• RECORDS PROVIDED:
= Beginning of Section =

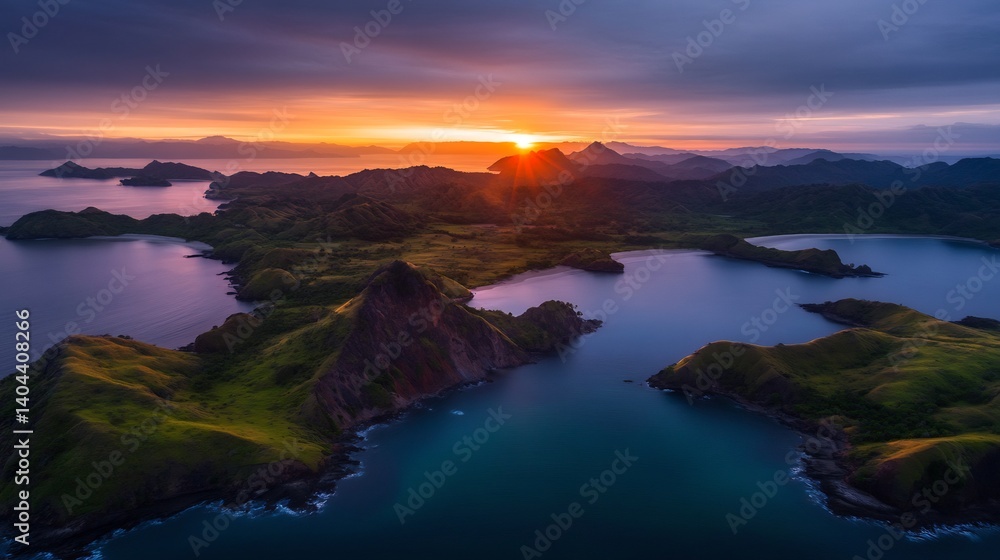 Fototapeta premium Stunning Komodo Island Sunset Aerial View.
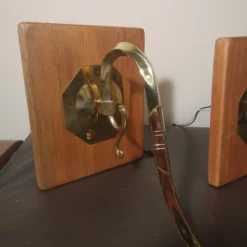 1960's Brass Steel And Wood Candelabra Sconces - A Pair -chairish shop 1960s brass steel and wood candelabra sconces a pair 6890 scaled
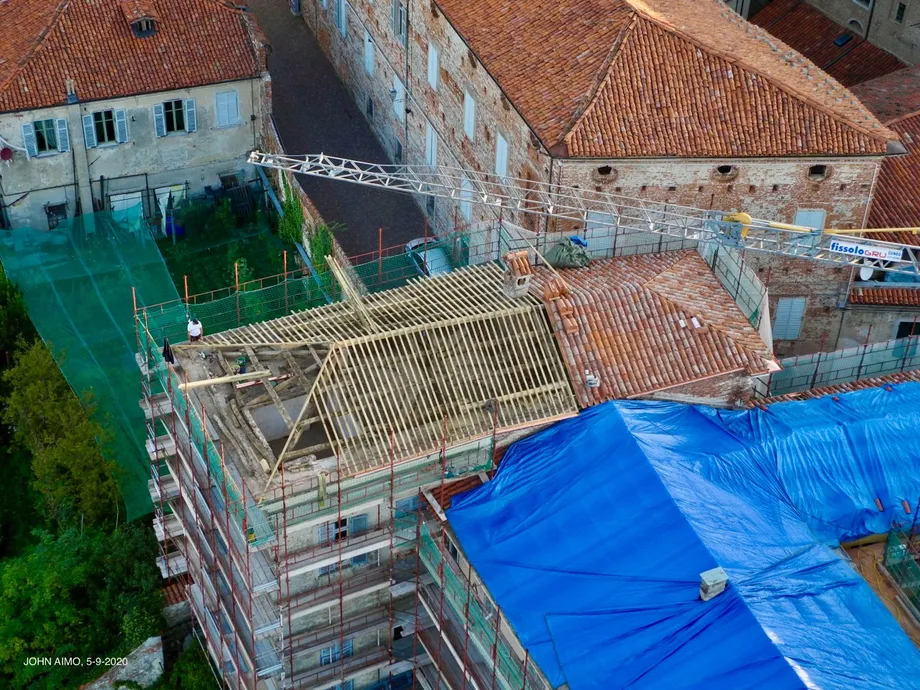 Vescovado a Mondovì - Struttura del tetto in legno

= End of Section =
= Beginning of Section =

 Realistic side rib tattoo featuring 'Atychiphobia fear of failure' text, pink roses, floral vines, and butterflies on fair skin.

= End of Section =

• DIRECTIONS FOR THIS TASK: Of the lines above, copy only those from the one holding "Fototapeta premium Stunning" to the one holding "Vescovado a Mondovì", both included, and exclude every image.

• RESULT:
 Fototapeta premium Stunning Komodo Island Sunset Aerial View.
 1960's Brass Steel And Wood Candelabra Sconces - A Pair -chairish shop 1960s brass steel and wood candelabra sconces a pair 6890 scaled
 Vescovado a Mondovì - Struttura del tetto in legno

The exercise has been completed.